Another report said that an education student had been given an assignment titled “Why White People Suck” and requested that ISU launch an investigation into the matter.
“This student was shocked, discouraged and clearly bothered by it,” the anonymous reporter wrote. “And if you’re wondering why this student didn’t bring this up to the professor or denounce this assignment in class, it’s because this student was afraid of retaliation and being shunned by classmates. Great atmosphere you are cultivating there.”
It is unclear whether this assignment was given to students. The DCNF filed a second public records request with the university to obtain additional details on the matter, but no documents were uncovered.
A University of Illinois Chicago (UIC) faculty member used the tool to anonymously express concern about the “working climate” in the political science department, according to documents obtained by the DCNF. A BRT member recommended an unconscious bias training to the department and another suggested the department attend workshops on implicit bias and mitigation offered during the spring semester.
Other reports obtained by the DCNF reported community members for antisemitism and for apparent political bias.
A UIC student asked the “Bias Response Team to inform my professor and the Dean of Students of their obligation to follow disability rights laws and refrain from discriminating against or targeting students,” according to documents obtained by the DCNF. The student was later informed that they would need to request an accommodation to be exempt from wearing a face mask in class.
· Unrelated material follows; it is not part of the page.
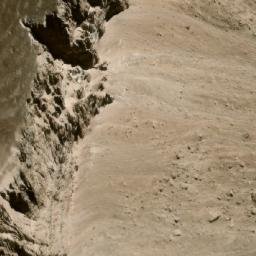 Satellite imagery of Cerro de la Paloma, AR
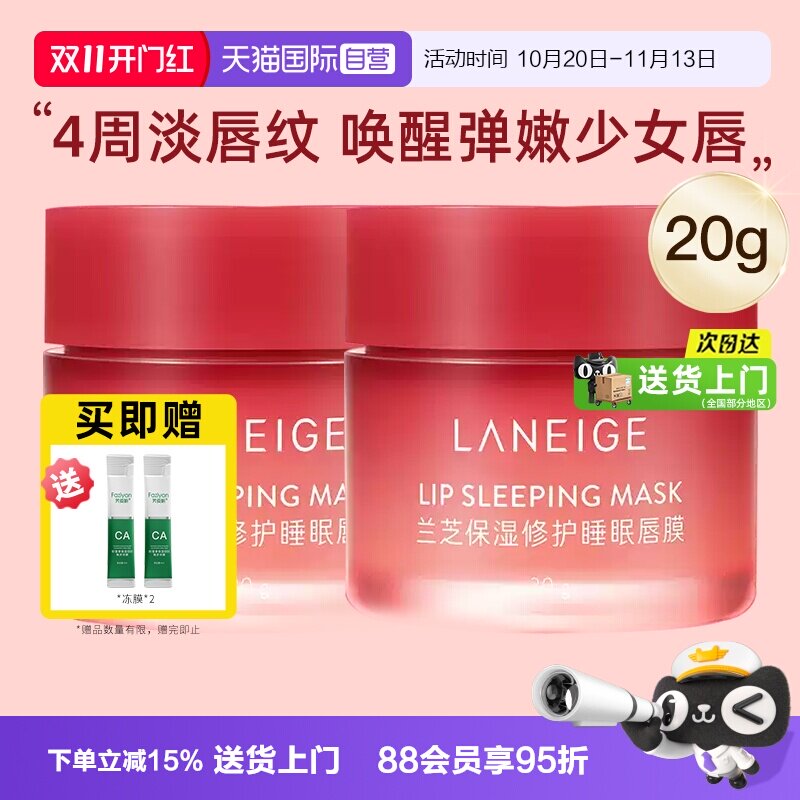 【自营】Laneige/兰芝保湿修护睡眠唇膜滋润淡化唇纹嘟嘟唇20g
An MU pro-life student used the system to report a phone call they received after signing up for the Students for Life chapter during a club fair.
“Hey … we met today at MegaFair, I’m not sure if you remember me, I’m the one from England. Anyways I was calling to let you know that I want you to have my baby and I wanna abort them!” the anonymous caller reportedly said.
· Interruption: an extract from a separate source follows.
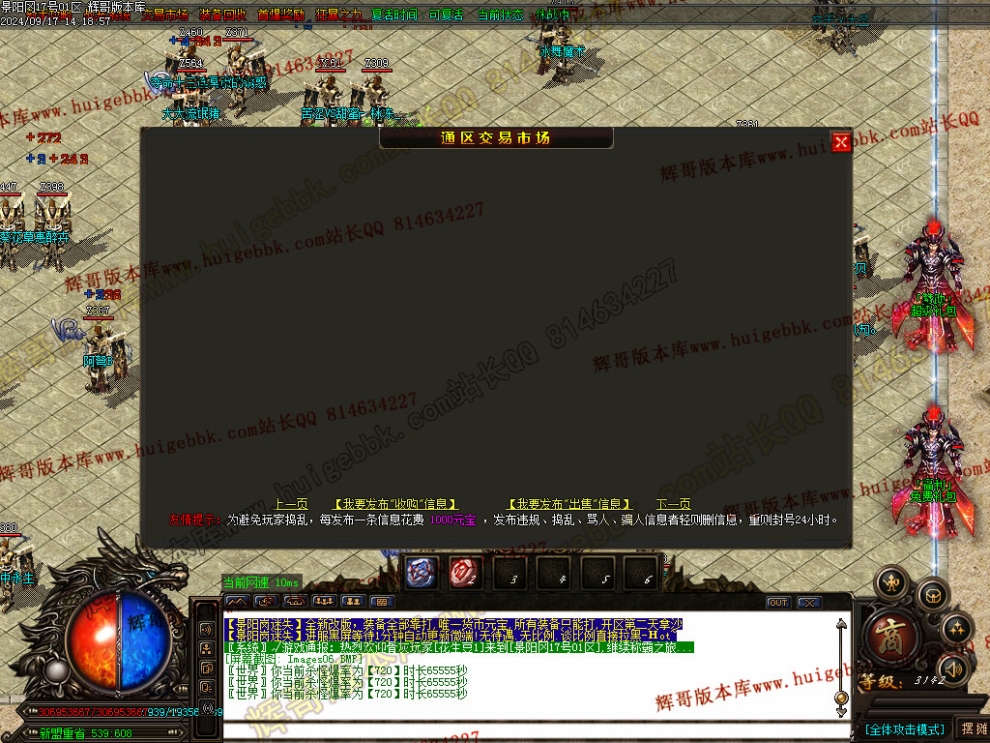 00009.jpg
Bias reporting systems are accused of unconstitutionally infringing on student speech rights. Reitz, however, said the school’s system complies with the First Amendment.
“UConn’s bias reporting system does not curtail First Amendment freedoms,” she told the DCNF. “UConn is a university that embraces freedom of expression, thought, and speech. The process respects free speech while also recognizing the need to provide services to those who experience harmful effects due to others’ comments and actions.”
In October, free speech advocacy group Southeastern Legal Foundation (SLF) sent demand letters to eight universities that operated a bias reporting system alleging that the systems unlawfully chilled free speech on campus, according to its press release.
Since then, the University of Maine revised its system to comply with SLF demands and clarify that it would not punish or investigate protected speech while Southern Utah University completely dissolved its reporting system.
“Bias reporting systems are generally unconstitutional because they encourage students to tattle on each other any time they don’t want to hear an opposing view,” CeCe O’Leary, SLF’s director of its 1A Project, told the DCNF. “As we pointed out in a recent letter to Bowling Green State University, this does a major disservice to college students who are supposed to be learning new ideas and engaging in robust debate.”
UIC, ISU, MU and BGSU did not immediately respond to the DCNF’s request for comment.
This article has been updated with comment from the University of Connecticut.